Tsongas leaves race, cites slow start in fund-raising for failure

March 20, 1992|By Jules Witcover | Jules Witcover,Staff Writer Staff writer John Fairhall contributed to this story from Hartford.

BOSTON -- In an emotional farewell to the 1992 Democratic presidential race, former Sen. Paul E. Tsongas of Massachusetts announced here yesterday that he would give up his campaign for lack of funds to fight the costly big-state television wars.

His departure leaves only former Gov. Edmund G. "Jerry" Brown of California to challenge Arkansas Gov. Bill Clinton, now the presumptive nominee.

With the New York primary looming ahead after next Tuesday's contest in neighboring Connecticut, Mr. Tsongas said he feared his message, combining "economic growth with our traditional social compassion," would be defined by well-heeled Gov. Bill Clinton of Arkansas rather than by himself.

Mr. Tsongas, the winner of the Maryland primary, blamed his slow start in fund-raising for his failure.

"The campaign was lost in 1991 because of lack of resources," he said. "It was almost rescued in 1992 by the message." He said the campaign had raised $300,000 in January but it all went to pay debts.

He raised $1.4 million in February, when he won the Democratic primary in New Hampshire, he said, and another $1.4 million so far in March, but the resources were exhausted by heavy media expenses in large states like Texas, Illinois and Michigan.

"If money is the mother's milk of politics," he quipped, "our mothers didn't show up."

Reports filed with the Federal Election Commission show that Mr.

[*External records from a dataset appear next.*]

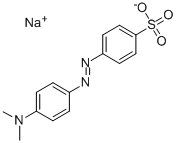 Methyl Orange Structure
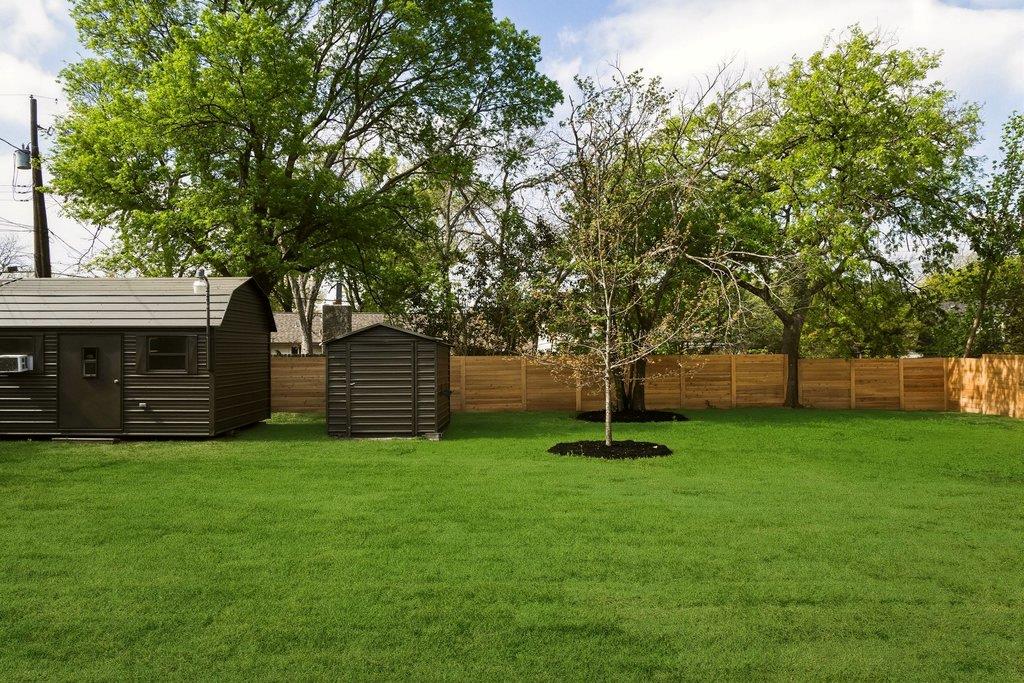 2005 Pompton Drive Austin TX 78757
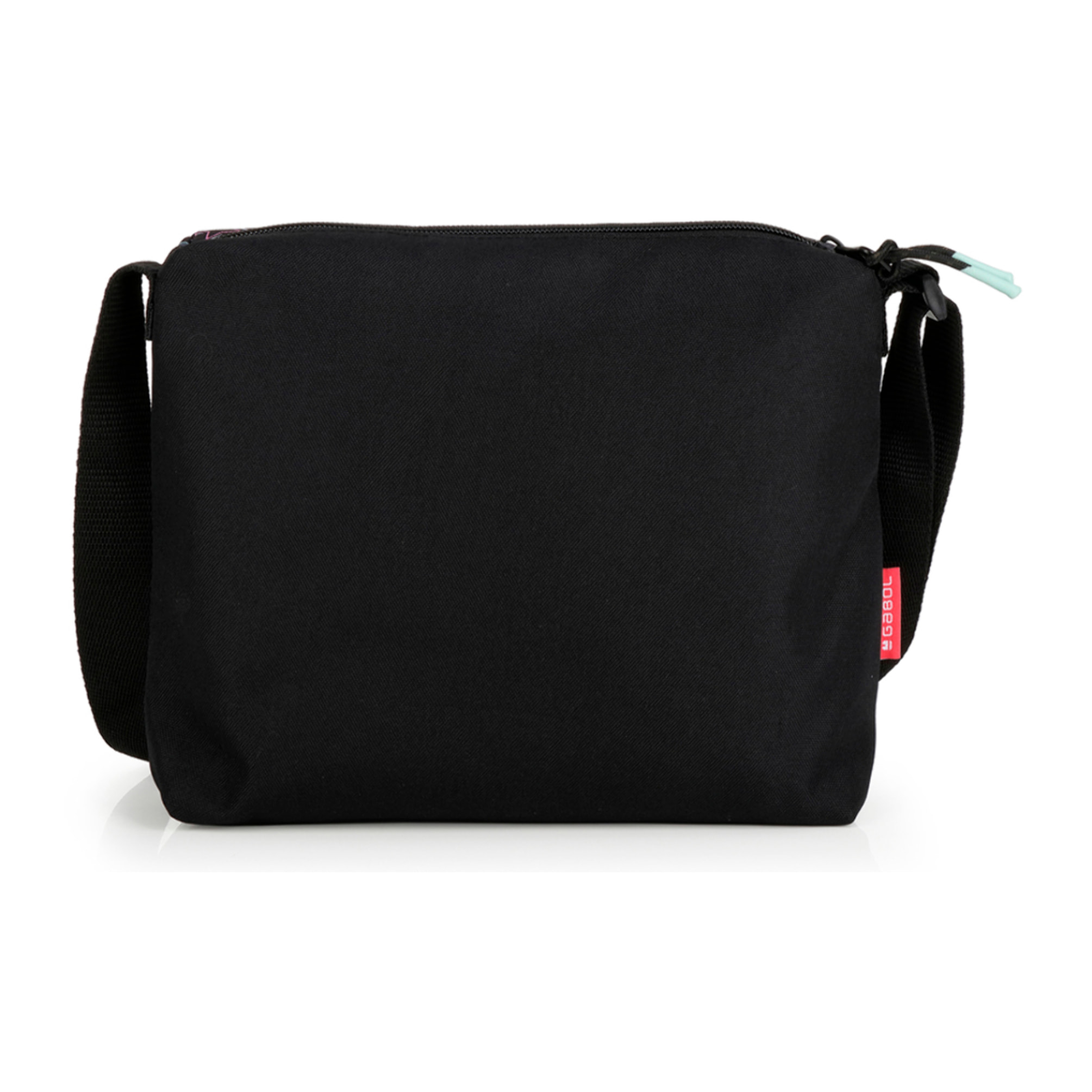 Bolso infantil Gabol Stellar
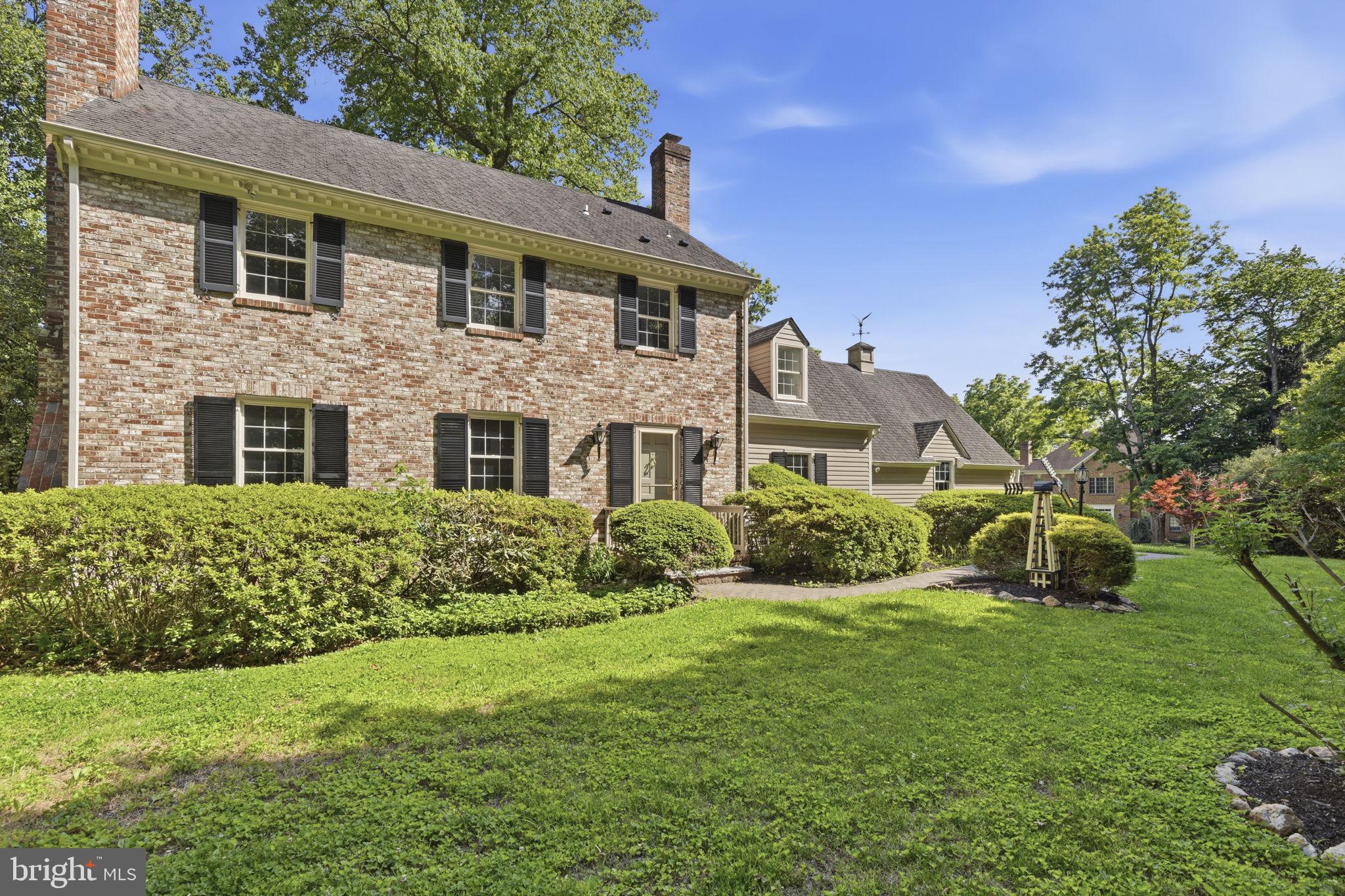 GLEN ARM - Residential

Clinton raised more than twice as much money as Mr. Tsongas. As of Jan. 31, the most recent date for which figures are available, the Arkansas governor had collected more than $5 million, to about $1.9 million for Mr. Tsongas.

Mr. Clinton praised Mr. Tsongas for having entered the race, just over one year ago, at a time when President Bush's job approval ratings stood at 90 percent.

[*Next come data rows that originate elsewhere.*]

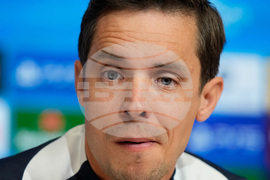 Germany Champions League Soccer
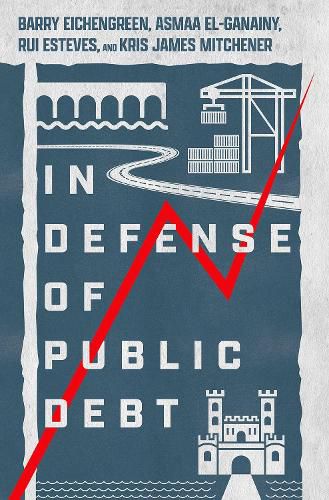 Cover image for In Defense of Public Debt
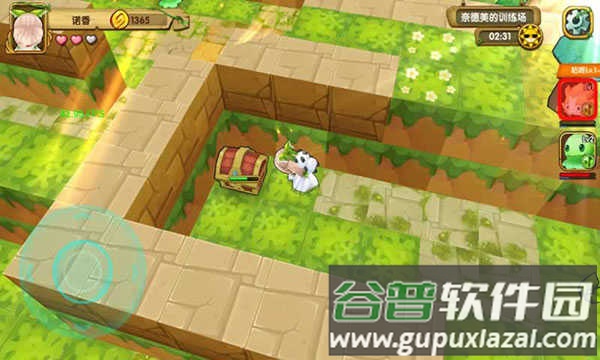 宠物迷宫最新版(PLP)截图1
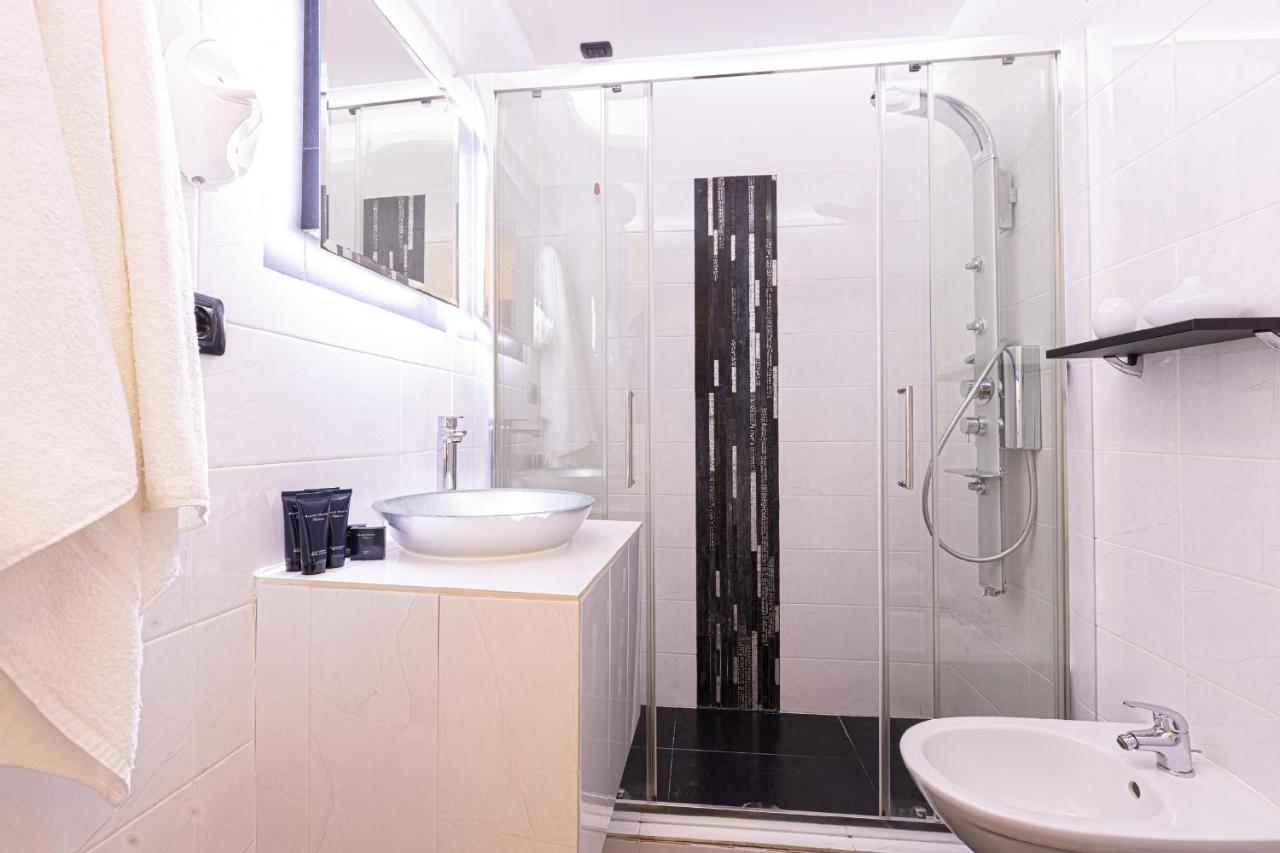 Bb'S Suites Corso Róma Kültér fotó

"He knew the country was going in the wrong direction, which is something that should endear him to the people of this country forever," Mr. Clinton told reporters in Little Rock, Ark.

Mr. Brown, campaigning in Hartford, Conn., said Mr. Tsongas' exit "sharpens the debate."

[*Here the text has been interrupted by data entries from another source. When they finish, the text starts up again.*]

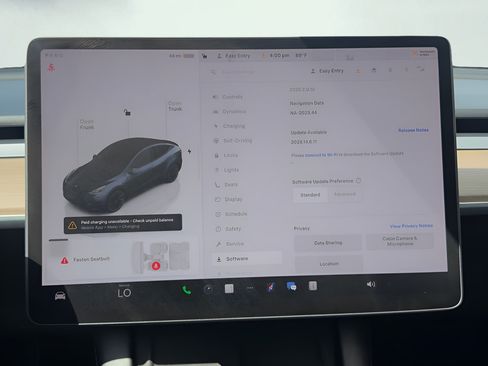 Used 2024 Tesla Model Y Long Range RWD image 53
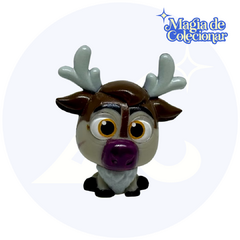 Miniaturas Disney Doorables Série 4! Escolha seu personagem favorito! - Magia de Colecionar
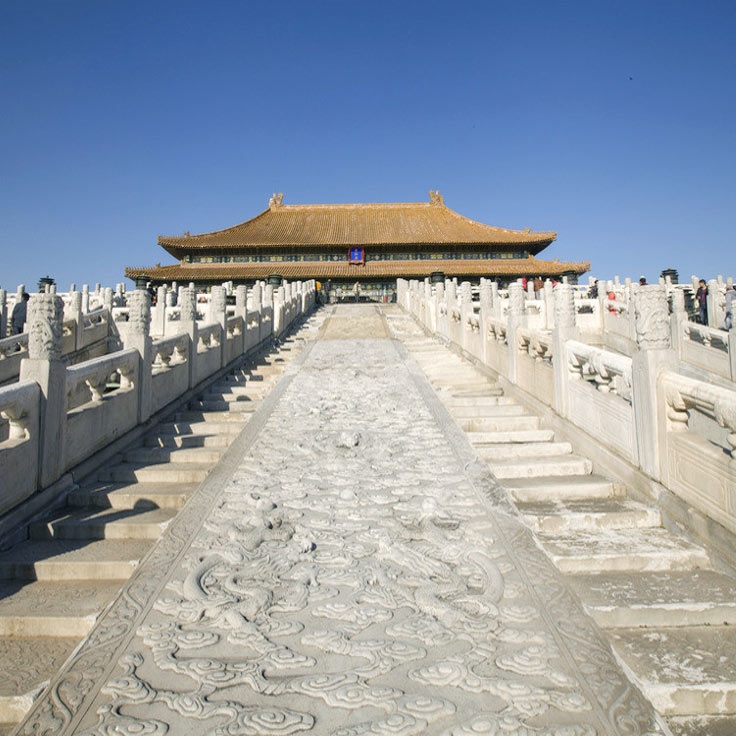 Top 10 China Tours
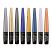 Rimmel Wonder'Swipe 2-In-1 Liner To Shadow Pencil (18pcs) (Assorted) (£1.25/each) Only 1 Bag Available !
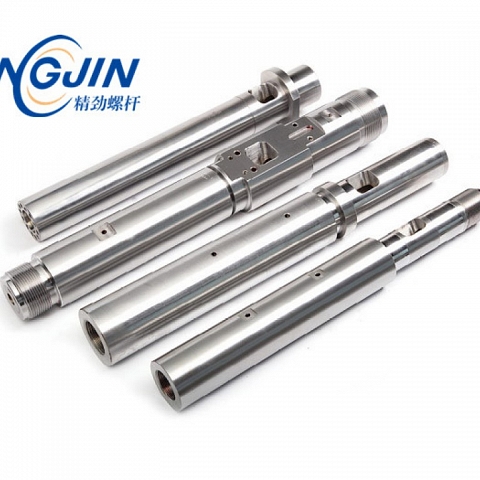 Haitian Injection Machine Screw Barrel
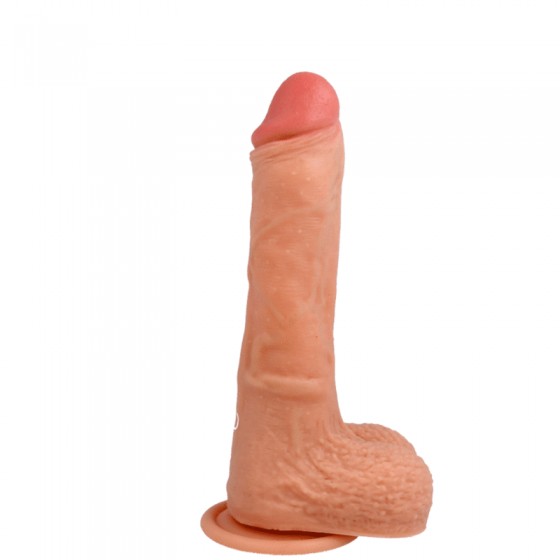 CYBER SILICOCK - CONTROLE...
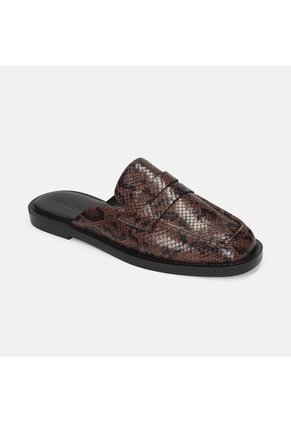 Baleta Para Mujer Bata Negro Lory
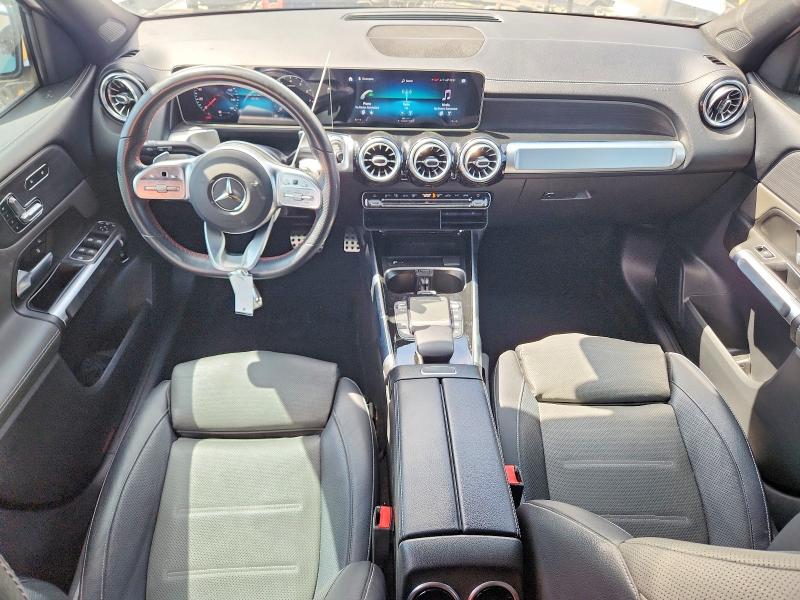 Auction sale of the 2021 Mercedes-benz Glb, vin: W1N4M4GB6MW161954, lot number: 66773996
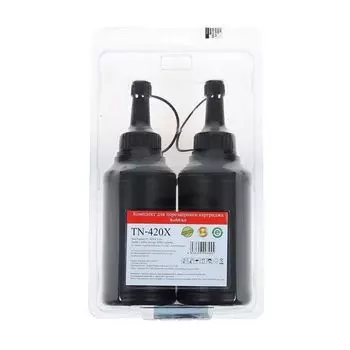 Заправочный комплект Pantum TN-420X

"It makes it very clear there are two choices between what I call Washington insider politics-as-usual and a re-dedicated, re-awakened Democratic party committed to the moral idea of social and economic justice," he said, renewing his attacks on Mr. Clinton.

At the end as at the beginning, Mr. Tsongas presented himself as unwaveringly rooted in his message of reviving the economy by finding more resources to restore the nation's manufacturing base as the best way to provide jobs.

He told campaign workers who crowded into his press conference, some shedding tears, that the values they espoused "will endure. We stood for something." And he clung to his belief that as the party's nominee he could have brought disaffected Republicans and independents into the Democratic fold in November.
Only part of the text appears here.